Площадку перед входом украшала
пушистая контрафактная елка.
Двадцать три двадцать, тридцать
первое декабря, приближается Новый год, вдруг вспомнил я. А казалось, еще вчера
был ноябрь. В этих слипшихся между собой холодных и темных днях и ночах, среди
вечной зимы и льда теряются не только люди, здесь теряется время личного и
общего бытия.
Я всегда чувствовал приближение
Нового года, даже когда бухал. А теперь — ничего не чувствую. Где оно, ощущение
праздника?
— Доставка воды, — отрапортовал я в
замерзший глаз камеры. — Элитной новогодней воды для хозяев всего и вся.
Рекламная акция.
Открыли чересчур быстро. Я должен был
насторожиться, но я шагнул внутрь, готовясь зажмуриться от яркого света
хрустальных люстр и мира зеркал. И угодил в полумрак: тусклая эргономичная
лампочка под потолком и такой же эргономичный фонарь в чьих-то руках.
— Ужели Ордыщев
и Пузырев экономят на собственных шкурах? — спросил я
у фонарщика.
Ответом мне послужил удар в грудь.
Судя по хрусту ребер, сапог был сделан на совесть. Я упал навзничь и заскользил
по идеально натертому мрамору. Не выпуская из рук узла, я попытался подняться —
и за эту попытку получил еще один профессиональный удар. На меня навалились.

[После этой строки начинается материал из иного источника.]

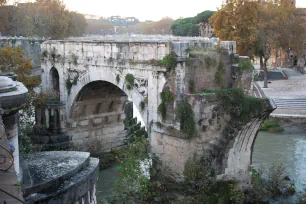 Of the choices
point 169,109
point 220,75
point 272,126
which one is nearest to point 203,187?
point 169,109

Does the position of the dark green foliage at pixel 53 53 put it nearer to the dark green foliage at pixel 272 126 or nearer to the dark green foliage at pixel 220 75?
the dark green foliage at pixel 220 75

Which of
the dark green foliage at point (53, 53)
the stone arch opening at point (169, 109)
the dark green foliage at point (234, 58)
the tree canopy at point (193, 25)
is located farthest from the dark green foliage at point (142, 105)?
the tree canopy at point (193, 25)

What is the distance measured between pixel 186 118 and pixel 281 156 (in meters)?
7.07

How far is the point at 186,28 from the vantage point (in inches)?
2194

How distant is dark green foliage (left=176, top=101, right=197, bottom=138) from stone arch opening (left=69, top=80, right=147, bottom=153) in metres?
5.24

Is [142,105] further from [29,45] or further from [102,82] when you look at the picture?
[29,45]

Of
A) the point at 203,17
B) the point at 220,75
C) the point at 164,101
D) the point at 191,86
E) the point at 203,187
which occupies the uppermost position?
the point at 203,17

Один душил, двое прижимали к земле. Еще двое принялись вязать меня то ли капроновыми, то ли резиновыми жгутами. Мой имидж
непререкаемого собеседника был сильно подпорчен: колбасный пояс под
воздействием разнонаправленных сил превратился в фарш, часы хрустели разбитыми
стеклами.
Громилы не объясняли причины своего
поведения, а только шумно сопели плохо прочищенными носами. Тупые холуи, исполнители, что с них взять.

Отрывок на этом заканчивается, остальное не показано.